Restrictive covenants in an agreement between an entity and
its employee could preclude the employee from:
- Divulging business secrets and technical knowledge of the
entity to competitors.
- Or accepting employment, or engaging, in any business that
could compete with the business, present or future, of the entity.
- Or engaging in any concern which renders consultancy to others
in a similar business.
Now, the issue is: can such compensation received by a former
employee be taxed as "profits in lieu of salary" under Section 17(3) of the
Income Tax Act, 1961? Any payment made by an employer to an employee, or a former
employee, does not, automatically, qualify for taxation under Section 17(3)(ii) of the
Act. But compensation paid for the termination of employment, or for modification of the
terms and conditions of employment, come under "profits in lieu of salary."

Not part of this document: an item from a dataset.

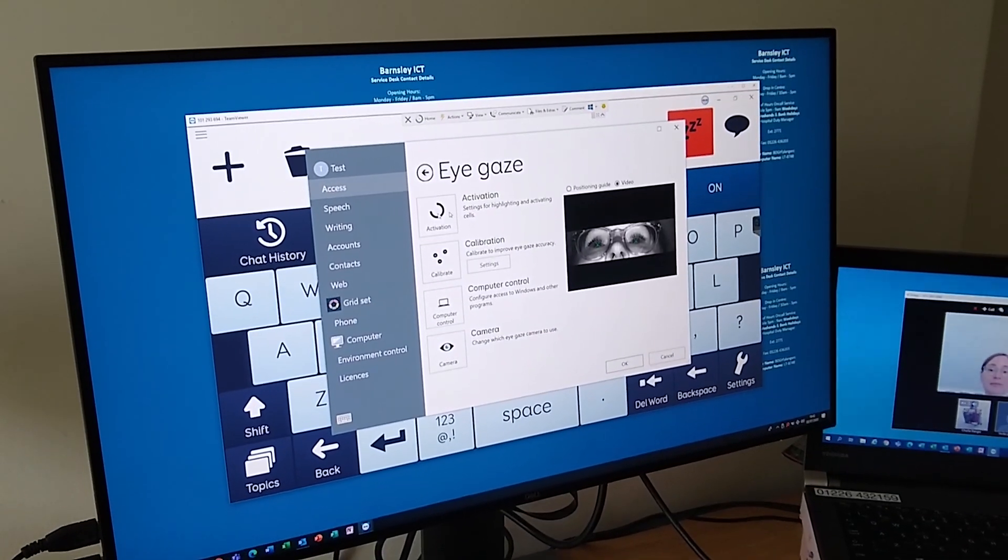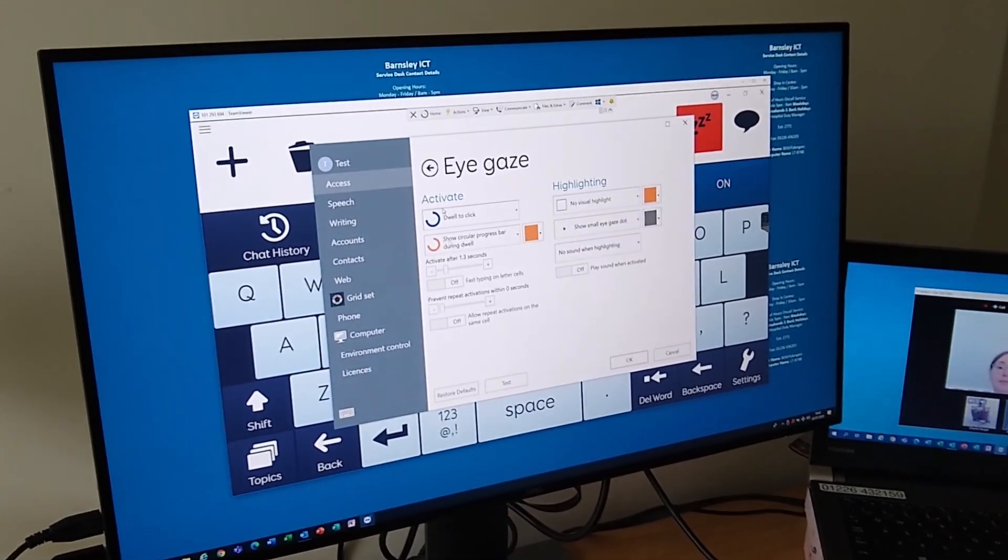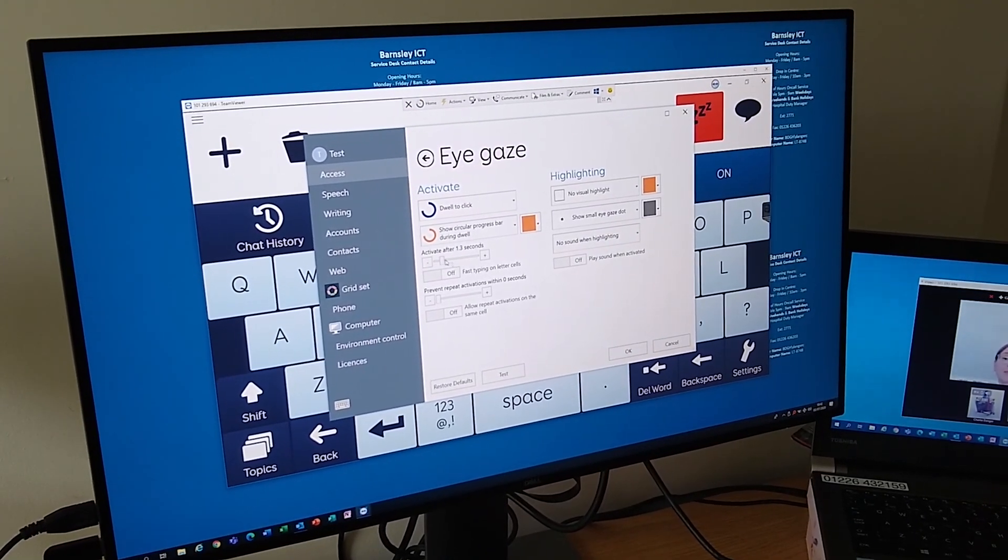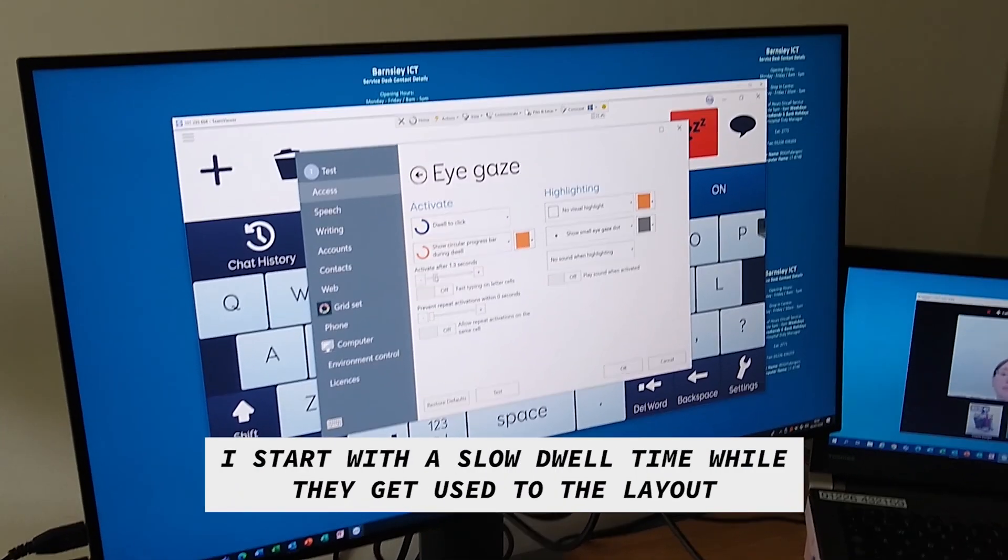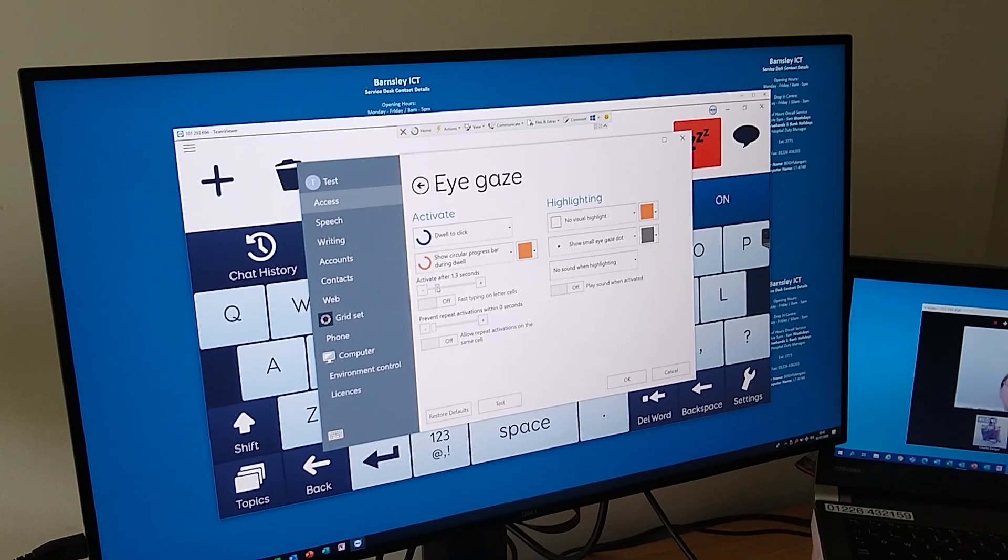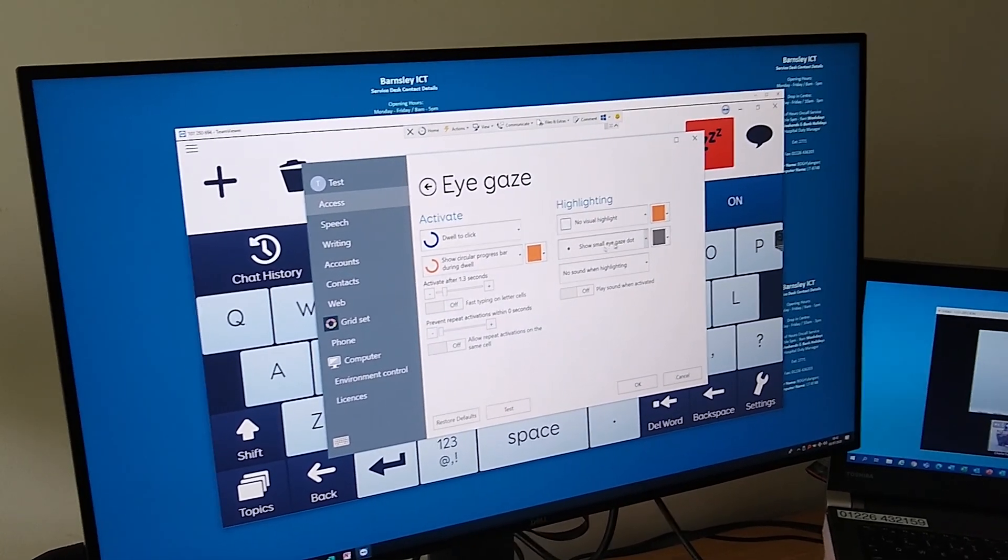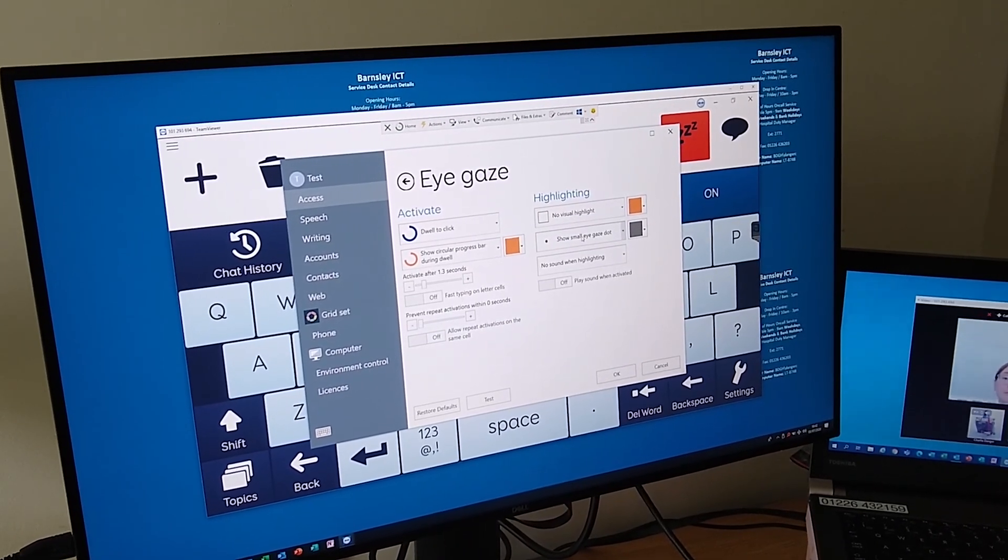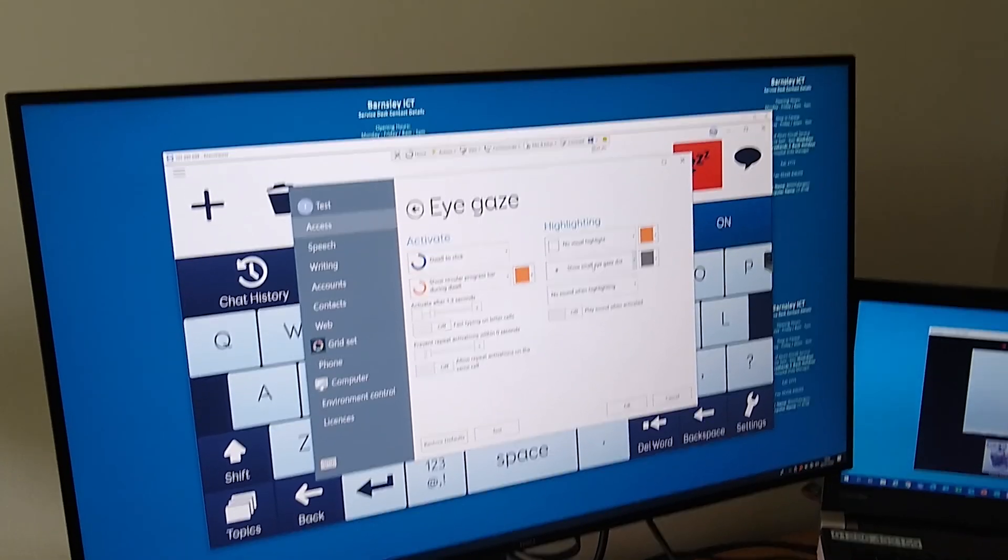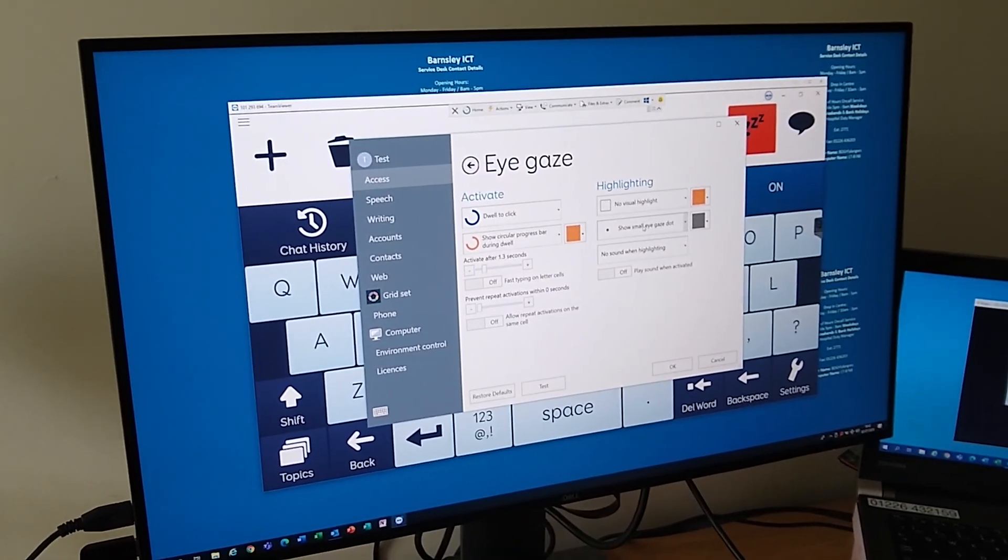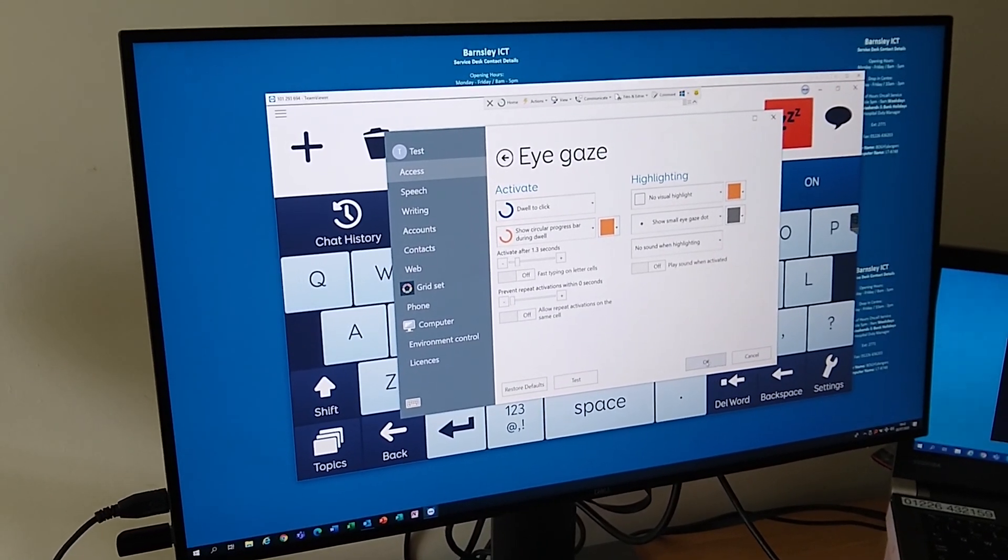Based on your calibration, I'm going to set the dwell time here to 1.3 seconds, so each button that you look at, each letter, will take 1.3 seconds to activate. I'm also going to put on a little dot that will follow around the screen. The little dot might be a bit annoying for you, Alison, but it's to help me see where you're looking, or at least where the computer thinks you're looking, because some parts of the screen may be more accurate than others. Before we do any typing, we'll just check that accuracy using the dot.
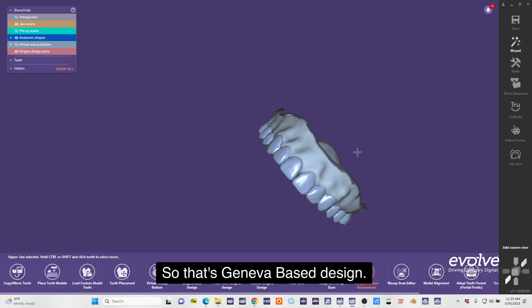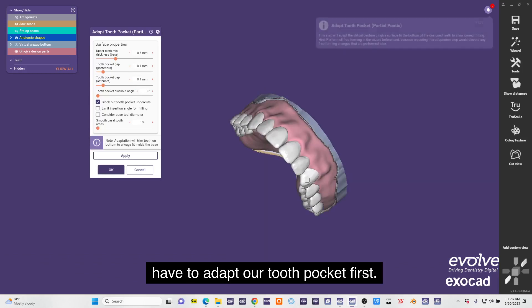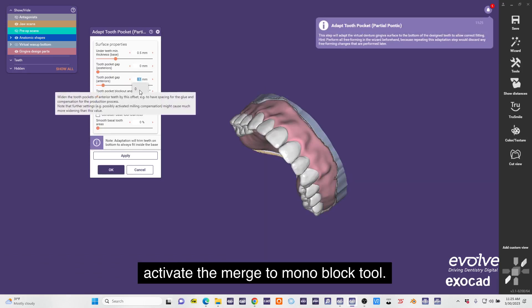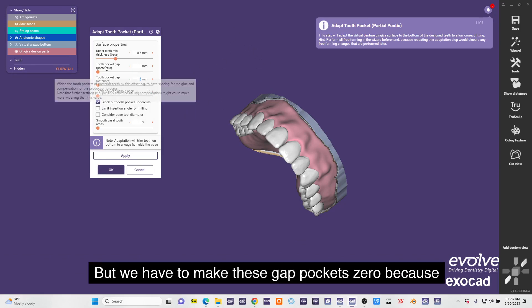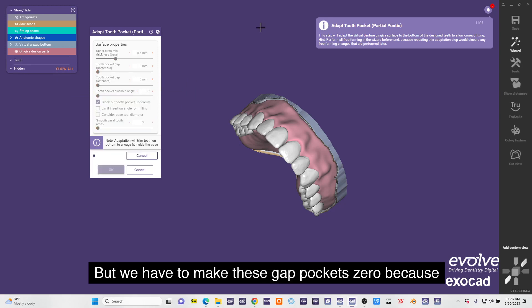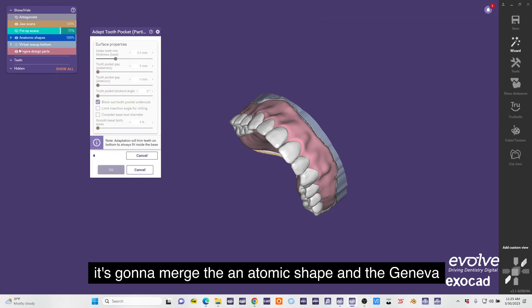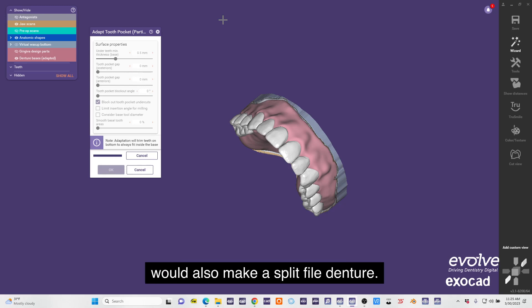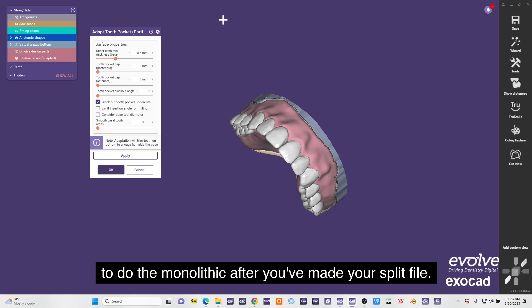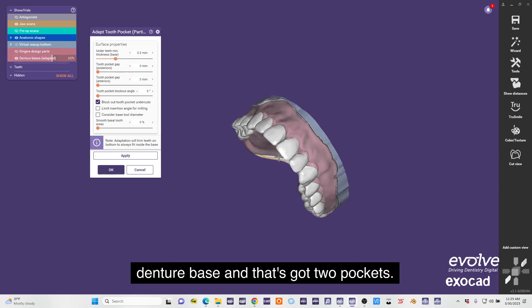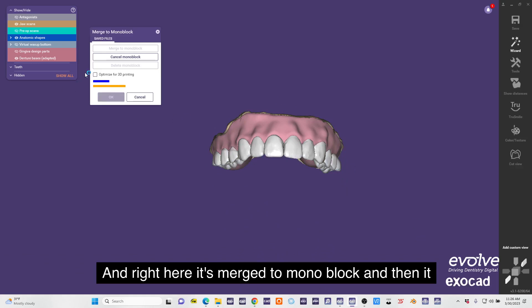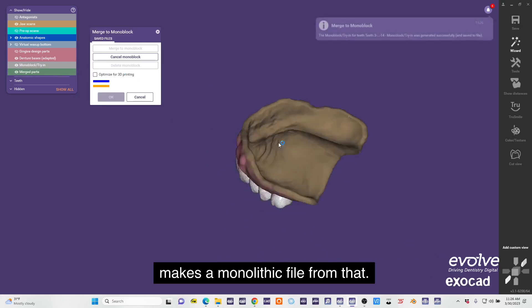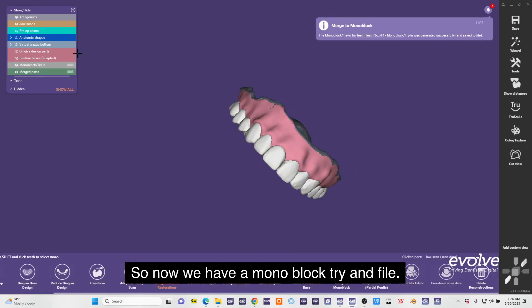Awesome, so that's gingiva based design. To make a monolithic denture we have to adapt our two pocket first. In order to activate the merge to monoblock tool, we have to make these gap pockets zero because it's going to merge the anatomic shape and the gingiva base design and it's going to adapt them together as a monolithic denture. But this is how you would also make a split file denture - it just makes you do a split file first and then it'll allow you to do the monolithic after you've made your split file. Now we have an adapted denture base and that's got two pockets. Right here is merge to monoblock and then it makes a monolithic file from that. So now we have a monoblock.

But compensation for a restrictive covenant does not flow
from the terms of employment. It is not a remuneration, or return for service. The
compensation is not given during the period of employment, but after termination.
Moreover, it is paid for the deprivation of future earnings.
In Superintendence Co. of India vs Shri Krishan Murgui
(1981), the Supreme Court held that the "restrictive covenants," or conditions,
contained in the terms of employment could not be extended beyond the date of termination
of services. Thus, on termination of employment, the employer-entity cannot enforce the
terms restraining the erstwhile employee from divulging the secrets of the entity. The
doctrine of "restraint of trade" applies only when the contract of employment
ends.
Compensation to employees for restrictive covenants is not
paid for the loss of employment, but for preventing a person from carrying out certain
activities which are prejudicial to the business interests of the employer. Ergo, the
compensation paid for a restrictive covenant to a former employee has been held as capital
receipt by the Mumbai Tribunal in M.H. Karani vs the Assistant Commissioner of Income Tax
(ACIT).
A similar view has been taken by the Chennai Income Tax
Appellate Tribunal (ITAT) in K.S.S. Mani vs Income Tax Officer (ITO). The Chennai itat
held that the compensation received in consideration for all restrictive covenants
undertaken by the former employee for loss in profits from the business or profession in
which he, or she, could have profitably engaged himself, or herself, is nothing but a
capital receipt for the loss of a profit-earning source of income and, therefore, not
liable to be taxed.
Restrictive covenants in an agreement between an entity and a
person engaged in business could restrain the person from carrying on similar business for
a certain number of years, and competing. Here, the question is whether the compensation
paid is a capital receipt or a revenue receipt.
In Kettlewell Bullen & Co. vs Commissioner of Income Tax
(CIT), the Supreme Court stated that the compensation would be revenue, and not capital
receipt, even if it was received for the termination of an agency agreement, where the
agency was one of the many which the person held, and the termination of the agency did
not impair the profit-making structure, but was within the framework of the business (that
is, it was a necessary incident of the business). But if the termination of the agreement
impaired the profit-making structure of the person concerned, any compensation thus paid
will constitute capital receipt.
The decisions, therefore, establish that compensation for
giving up a right to a source of income, or for the surrender of an income-yielding asset,
is a capital receipt not taxable in the hands of the recipient.